I started the Transpose arts night six years ago in the knowledge that we could do better. Instead of being the subject of other people’s ideas, Transpose puts trans people like me front and centre – as performers, but also as organisers, writers and directors. After our 2016 show at the Barbican, we decided to take this concept one step further, and question the very idea of transgender ‘performance’ itself.
Maybe the need for trans-led art seems less pressing now than it did back in 2011. In terms of media visibility, we’ve never been so under the spotlight as we are right now. But when we look at who’s controlling the conversation – which questions are asked, how our answers are edited – we can see how much work still lies ahead of us.
At the heart of so much of the current debate is the idea that all trans people are ‘performing gender’ – that the rest of the world is the real deal, and we’re just playing dress-up. That we can be tolerated – celebrated, even – but only if we admit that what you see is a costume, and that what we really are was fixed at birth and decided by other people.

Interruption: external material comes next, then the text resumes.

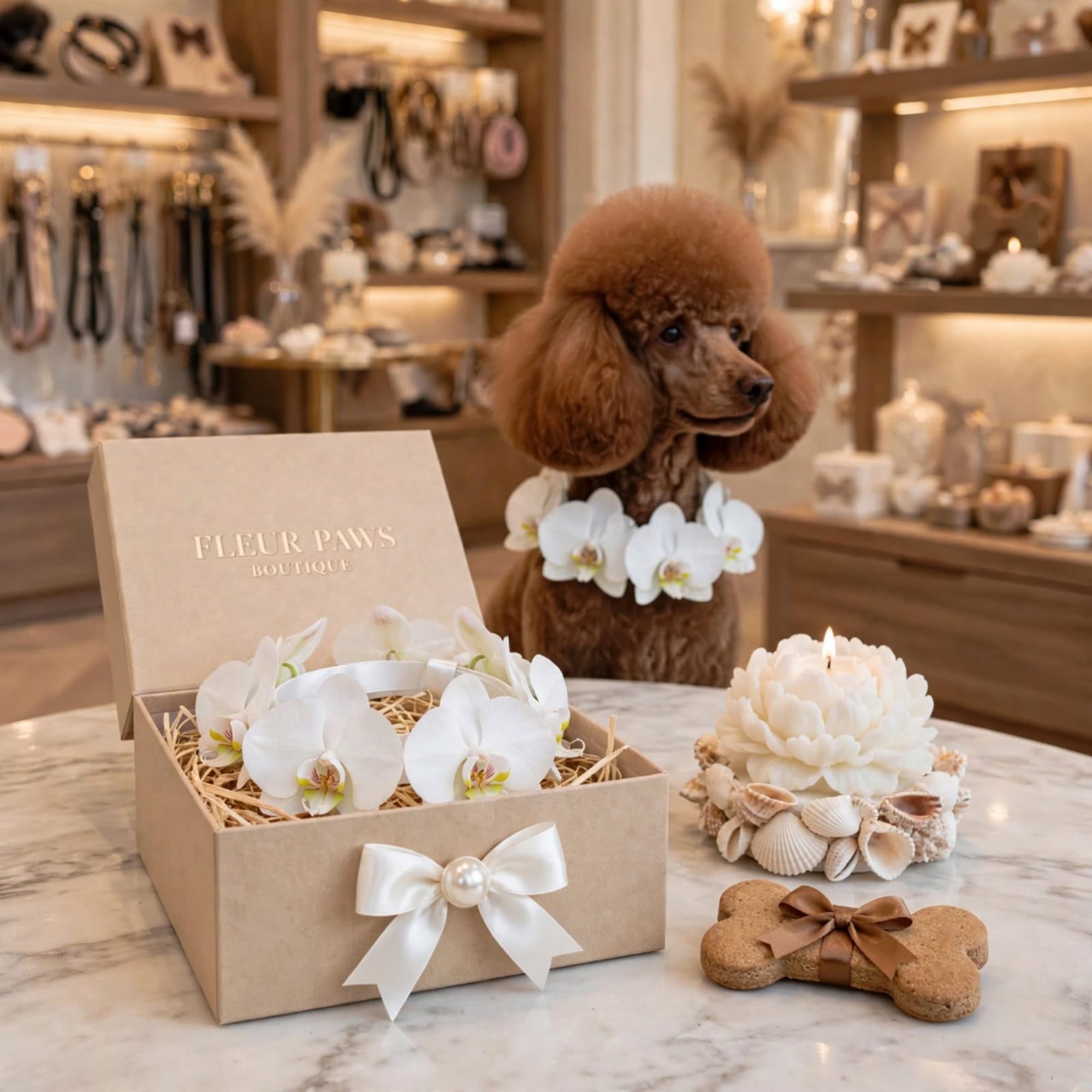 Gift box with white orchids, a poodle, candle, and bone-shaped treat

As trans performers – poets, musicians, spoken-word artists – these are assumptions that cut deep. What do audience members see, when they look at us on stage? What are they comfortable seeing? Are we there to provoke pity, confusion, excitement? Acceptable under the footlights, but targets on the walk home?
I’ve been out as trans for more than half my life, and have got used to hearing the same refrain, as a performer and in daily life: “People just can’t understand – don’t make it too complicated.”
But six years-worth of Tranpose audiences have taught me otherwise. We don’t need to regurgitate the same tired arguments. We can trust an audience to follow where a performer leads, and enjoy the newness of the scenery. We can show you our vulnerabilities, our strengths, and – most of all – our authenticity. And know that the magic of live performance, which operates on empathy and enchantment, can open up an experience in a way that cold debate never could.
Trans people are tired of being looked at wherever we go. But, if you’re willing, you can come and look with us, and find something remarkable there.